La revisione della Colonna Infame è parallela all’evoluzione delle idee manzoniane sul romanzo storico, evoluzione che, successiva all’edizione “ventisettana” dei Promessi Sposi, approderà alla condanna del romanzo storico. Già nella revisione per la “ventisettana” dei capitoli storici dedicati a «fame, guerra, e peste» Manzoni mostra di aver cambiato prospettiva: i dati storici e i documenti si amalgamano con la narrazione. Il processo di critica del romanzo storico porta, inoltre, Manzoni a formulare giudizi severi sul romanzo storico considerato «produzione completamente illecita di frivola mezza conoscenza, intollerabile ibrido di Storia e Poesia, di Vero e di Falso» (Carl Witte, Lettere, I, 606).
La seconda redazione rappresenta il punto di arrivo del “processo” del romanzo storico. Il testo definitivo rinuncia alla struttura narrativa e si trasforma in un saggio storico-giuridico.

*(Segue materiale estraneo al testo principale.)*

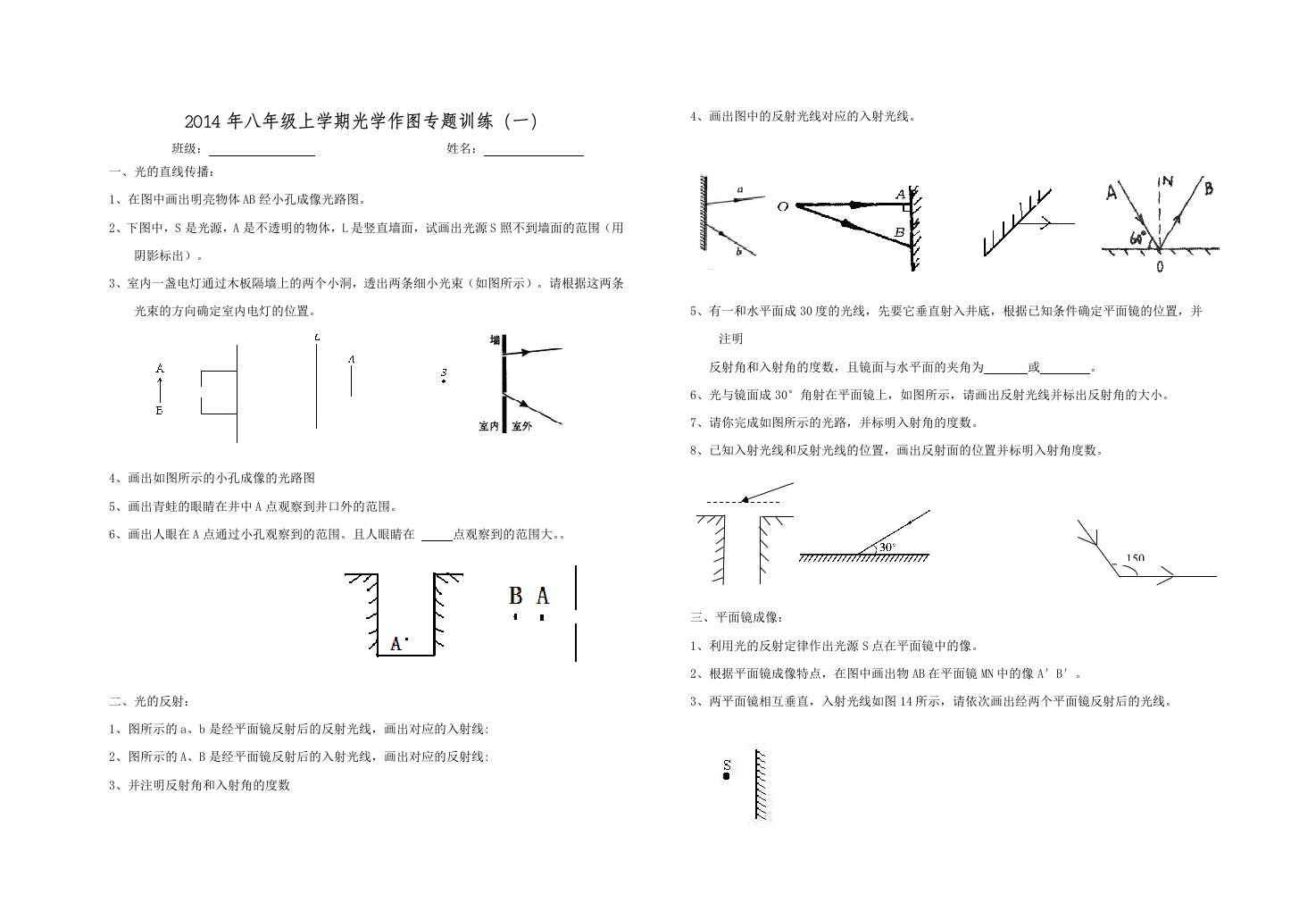 2014年八年级上学期光学作图专题训练(一)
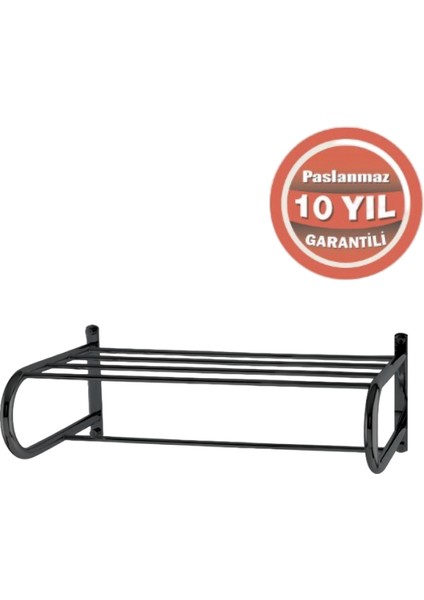 Paslanmaz Pirinç Mercan Lamalı Raf Havluluk 50CM Mat Siyah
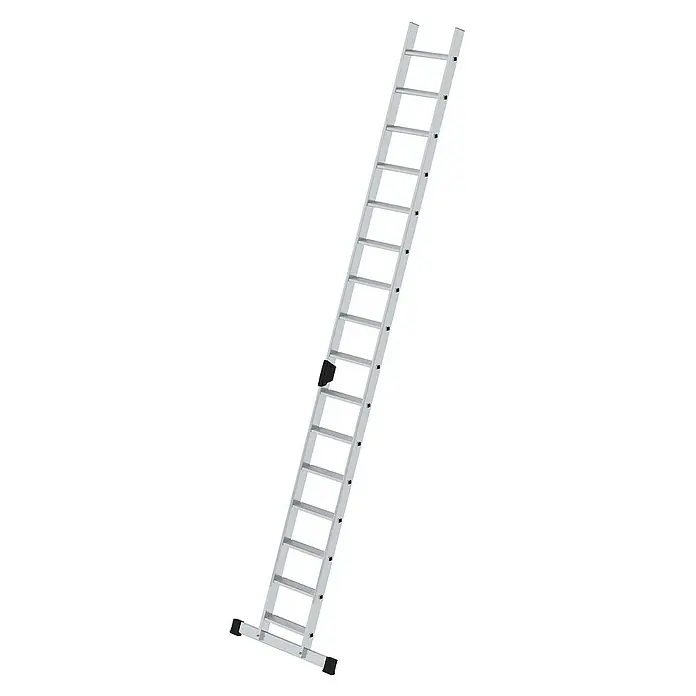 Proregal Anlegeleiter mit Standard-Traverse - Anzahl Tritte: 16 Stk., Arbeitshöhe: 5.300 mm, Belastbarkeit: 150 kg, Aluminium - Silberne Aluminium-Ausziehleiter mit schwarzen rutschfesten Füßen und Verstellmechanismus.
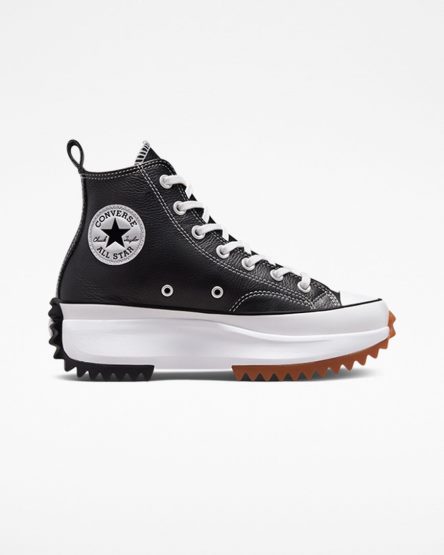 Converse Run Star Hike Foundational Lær Høye Platform Sko Dame Svarte Hvite | 648CXJBPL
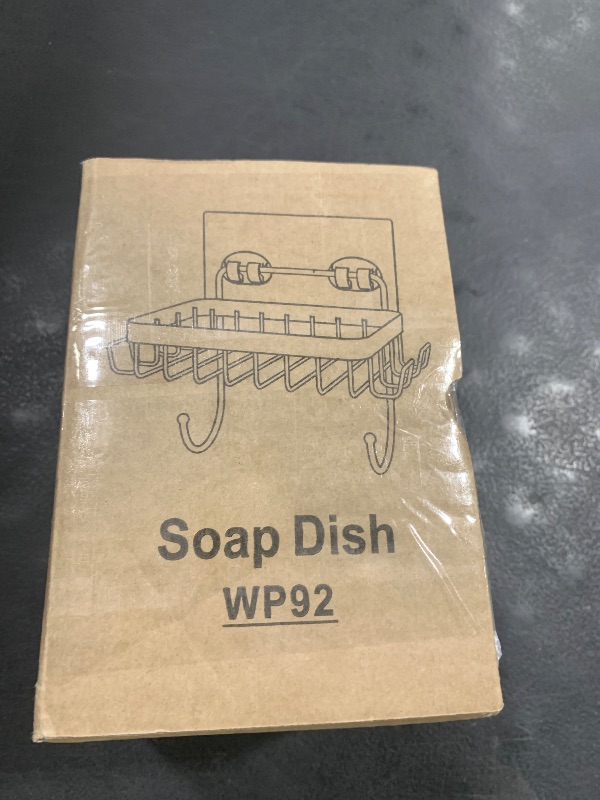 Photo 1 of ODesign Soap Dish Holder SUS304 Stainless Steel with 6 Hooks Loofah Bath Sponge Towel Razor Holder for Bathroom Shower Kitchen Adhesive Wall Mounted No Drilling-Silver-1 Pack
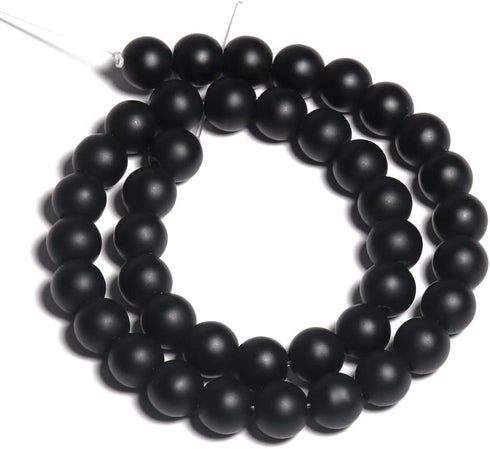 Yochus 8mm Black Matte Onyx Agates Round Loose Beads Frost Dull Polish Agat Beads for Jewelry Making...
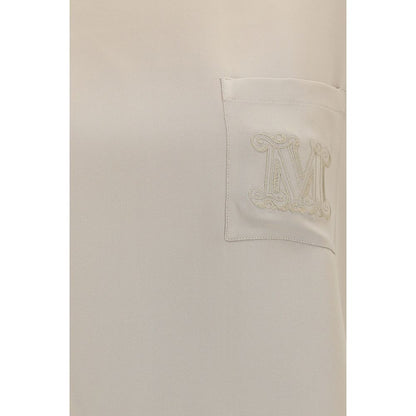 T-Shirt by Max Mara for women in silk beige showcases a unassuming silhouette, artfully detailed with a refined and unassuming for a sophisticated, contemporary look.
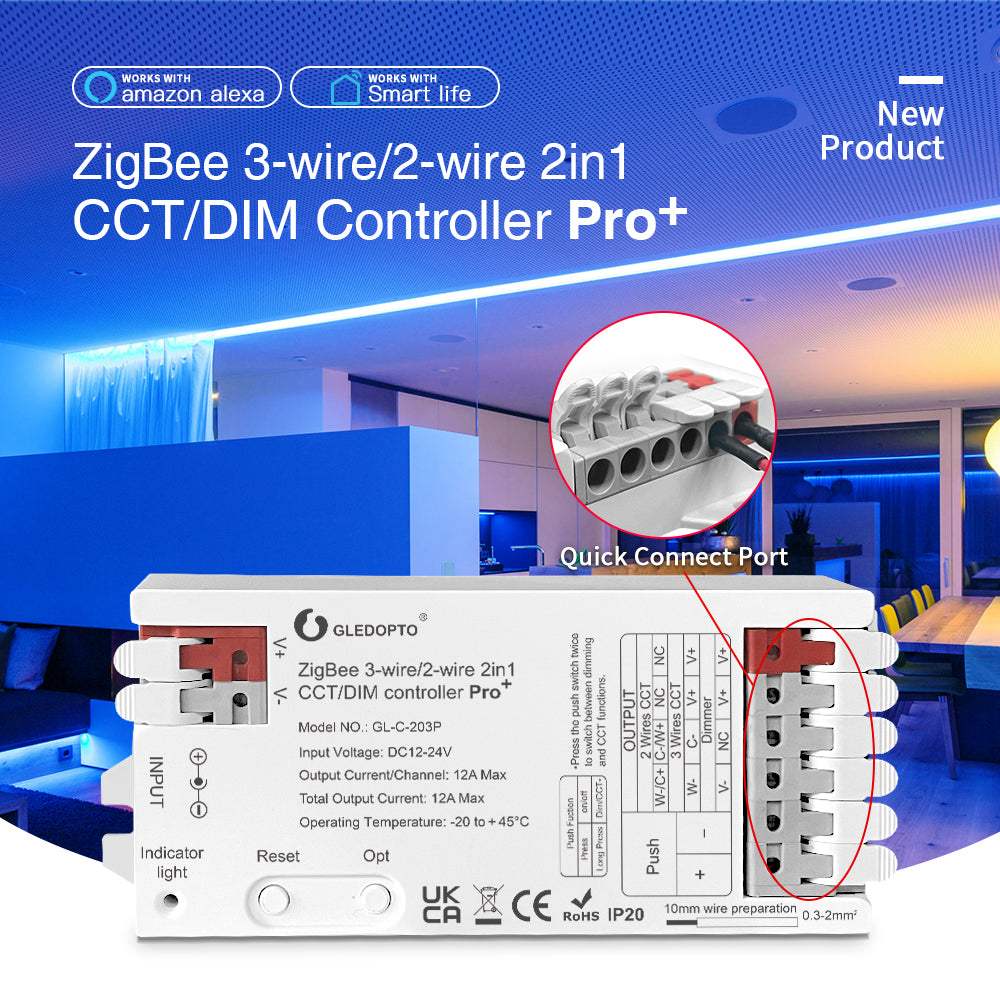 GLEDOPTO GL-C-203P Zigbee Pro+ 2-in-1 CCT/DIM LED-Controller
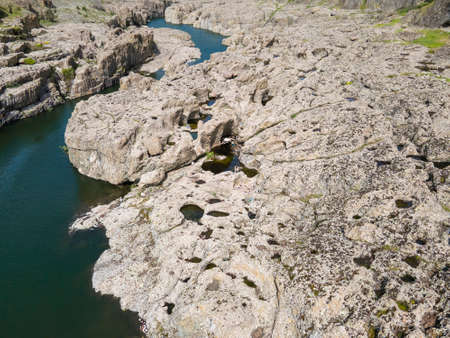 Aerial view of Sheytan Dere (Shaitan River) Canyon under the dam of Studen Kladenets Reservoir,...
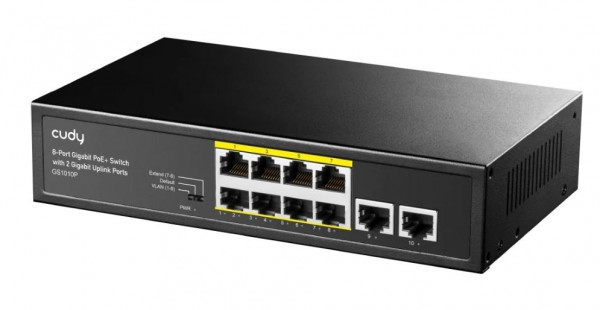 Cudy 8-Port Gigabit PoE+ Switch with 2 Gigabit Uplink Ports 120W, GS1010P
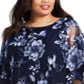 Vestido de coquetel feminino R &amp; M Richards, sem mangas, com decote em joia, comprimento até o joelho, azul, tamanho 14W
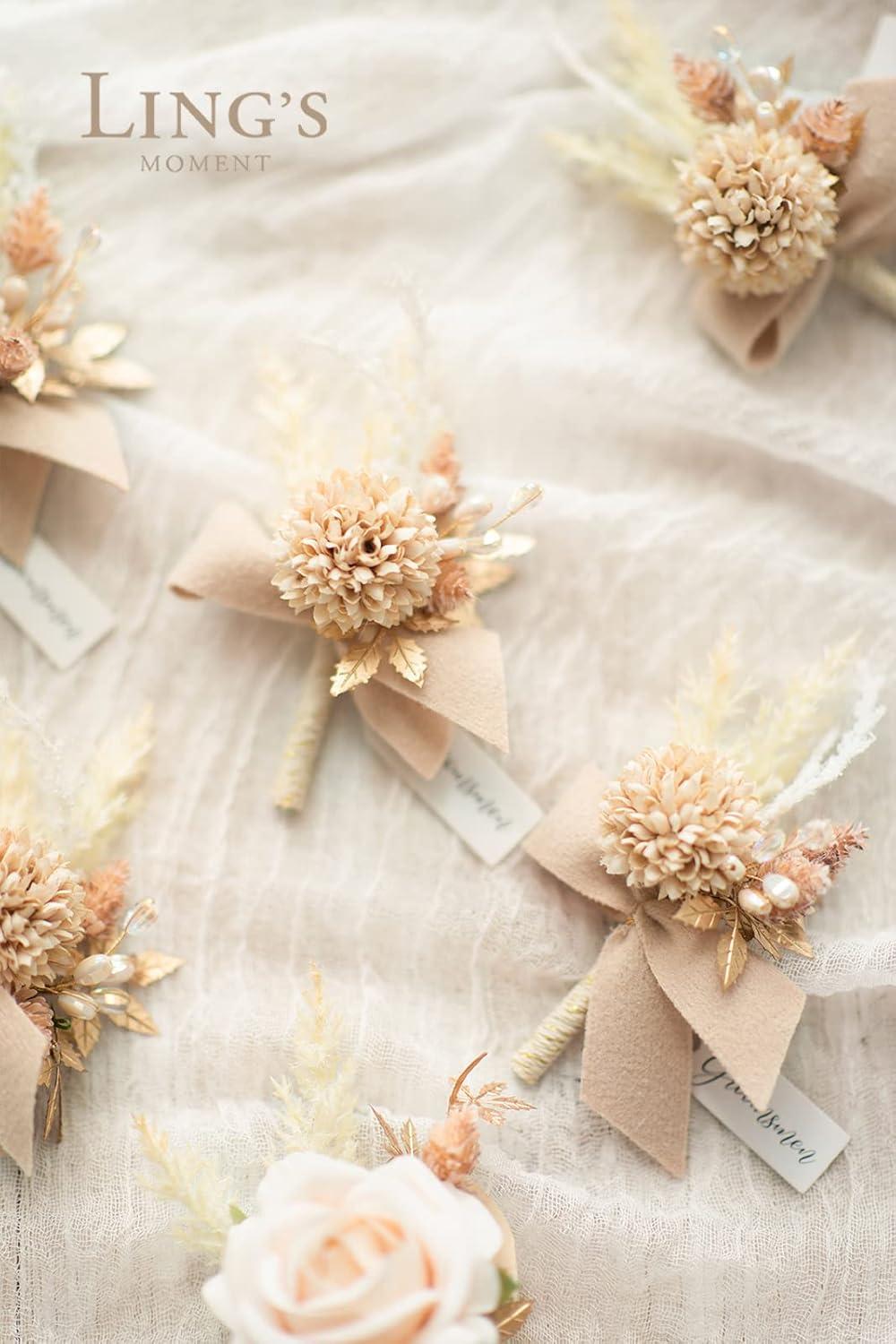 imageLings Moment Boutonniere for Men 6pcs Groom Groomsmen Boutonniere Artificial Flowers for Wedding DecorPromHomecoming etcWalnut BrownWhtwhite  Nude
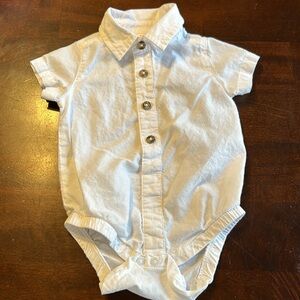 🐻3 For $20🐻Onesie Shirt 0-3 Months White Button Down Short Sleeve Shirt Onesie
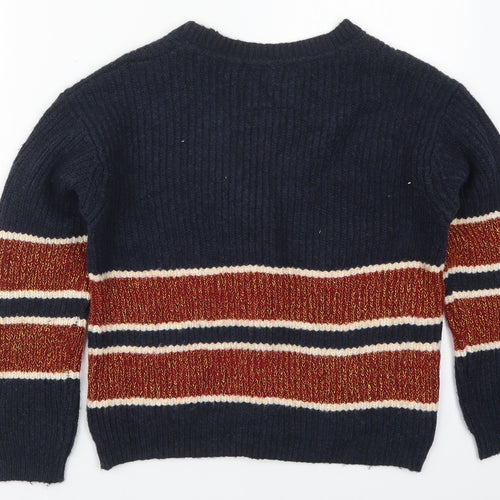 Marks and Spencer Girls Blue V-Neck Striped Acrylic Cardigan Jumper Size 11-12 Years  Button - Harry Potter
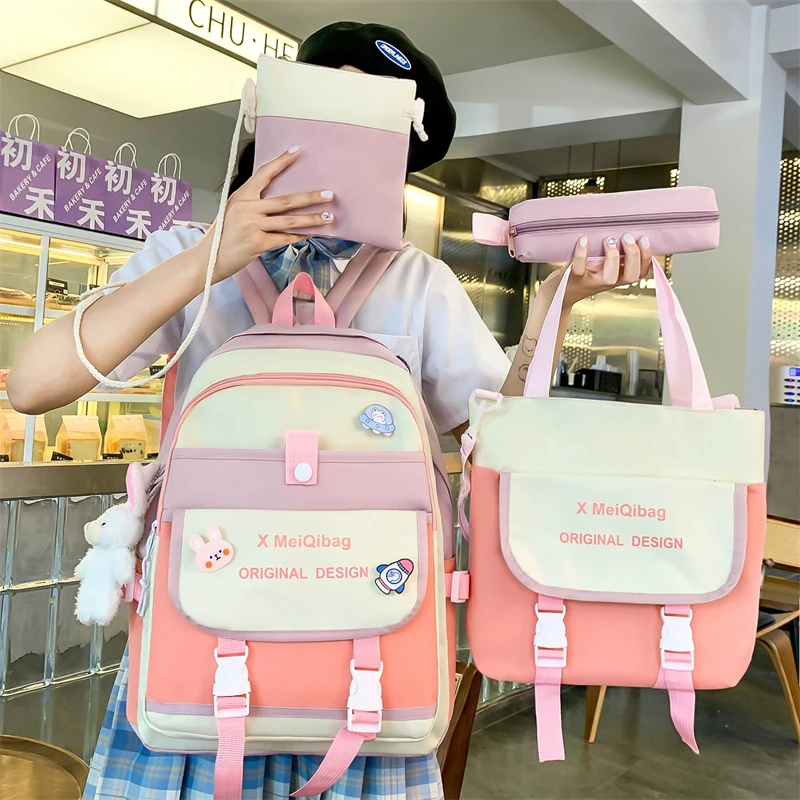 双肩包女新款小学初中学生书包大容量轻便休闲背包子母包四件套潮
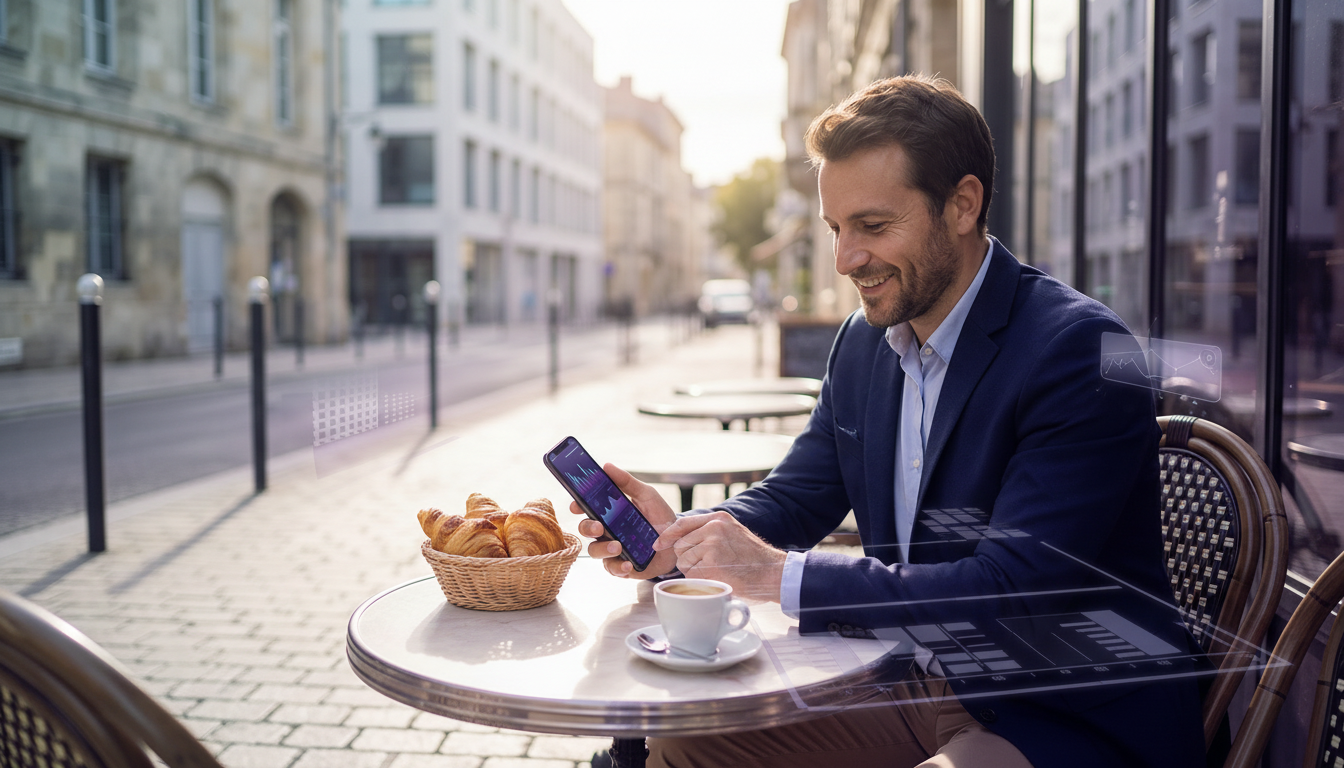 Un conseiller immobilier trentenaire, assis à la terrasse d'un café français typique, souriant et dé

Il resoconto del processo è preceduto da un’Introduzione in cui l’autore si presenta in qualità di storico che si propone di far conoscere il “modo di essere” dell’umanità “in un dato tempo”.
La materia dell’opera è diversamente strutturata: non più esposizione lineare e continua, ma una netta scansione in sette capitoli, ognuno dedicato a un momento preciso dell’ “affare”. Nell’analizzare i fatti Manzoni segue gli estratti autentici del processo, intercalando il racconto breve con i fatti e le congetture.
Alcune sequenze mettono bene in rilievo il passaggio dalla abbandonata gioia del narrare, che il primo getto del romanzo documenta, alla trattazione storiografica dell’opera ultima, che ha per scopo un vero e proprio spoglio giuridico degli atti.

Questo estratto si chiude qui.